RFR[13]: 8227260: Can't deal with SharedRuntime::handle_wrong_method triggering more than once for interpreter calls

Wed Jul 17 15:53:19 UTC 2019

Hi Vladimir,

thanks for explaining. So I think it's correct.

Best regards,
Martin

> -----Original Message-----
> From: Vladimir Ivanov <vladimir.x.ivanov at oracle.com>
> Sent: Mittwoch, 17. Juli 2019 17:32
> To: Doerr, Martin <martin.doerr at sap.com>; hotspot-dev at openjdk.java.net
> Subject: Re: RFR[13]: 8227260: Can't deal with
> SharedRuntime::handle_wrong_method triggering more than once for
> interpreter calls
> 
> 
> 
> > thank you for taking care of these platforms.
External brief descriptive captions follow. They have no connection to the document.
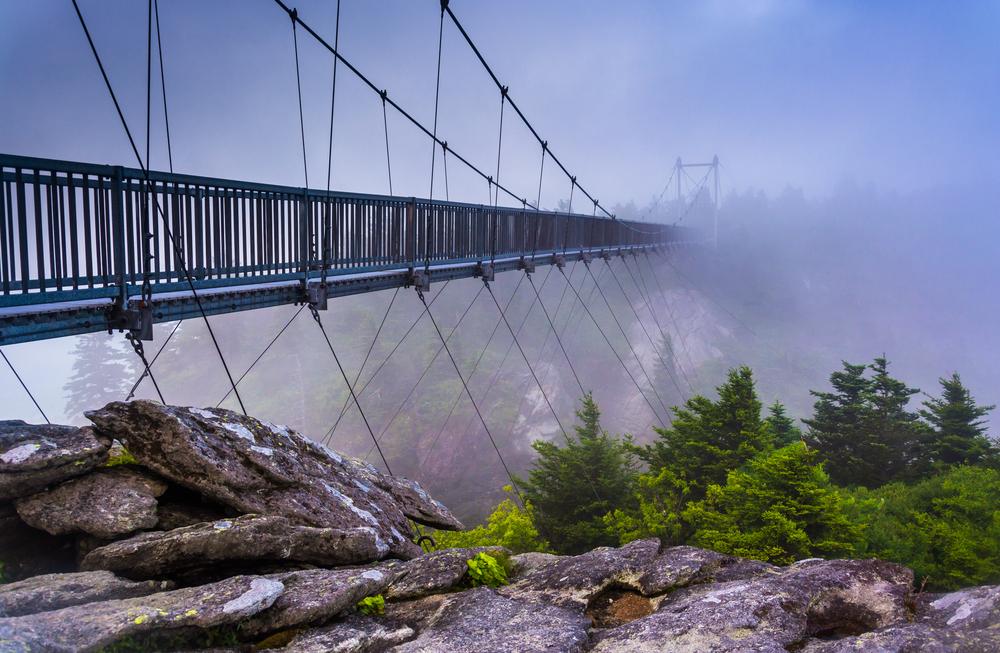 The Mile High Swinging Bridge in fog at Grandfather Mountain. (Jon Bilous/Shutterstock)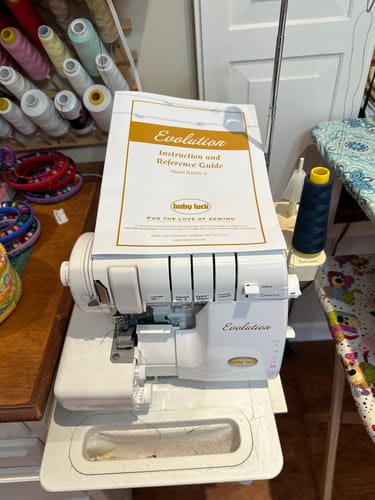 Customer's Babylock BLE8W-2 Evolution Instruction Manual resting on the corresponding serger machine.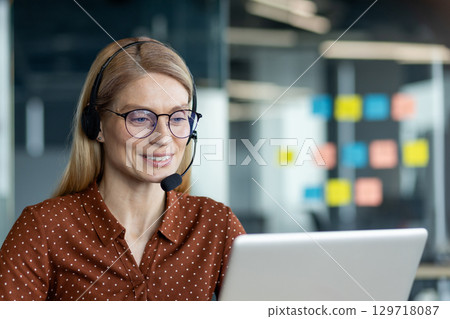 A confident businesswoman in glasses and headset reviewing tasks on a laptop, collaborating remotely. 129718087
PPC64 and s390 parts look
> good and the test passes.
> 
> Thanks, Martin.
> 
> > sharedRuntime.cpp:
> > Is caller_frame.is_entry_frame() precise enough?
> > Can it not also be true when calling normally from VM?
> > If so,  don't we need the clinit check in this case?
> 
> If you have upcalls from JVM code in mind, then there's already a
> barrier on caller side: JavaCalls::call_static() calls into
> LinkResolver::resolve_static_call() which has initialization barrier.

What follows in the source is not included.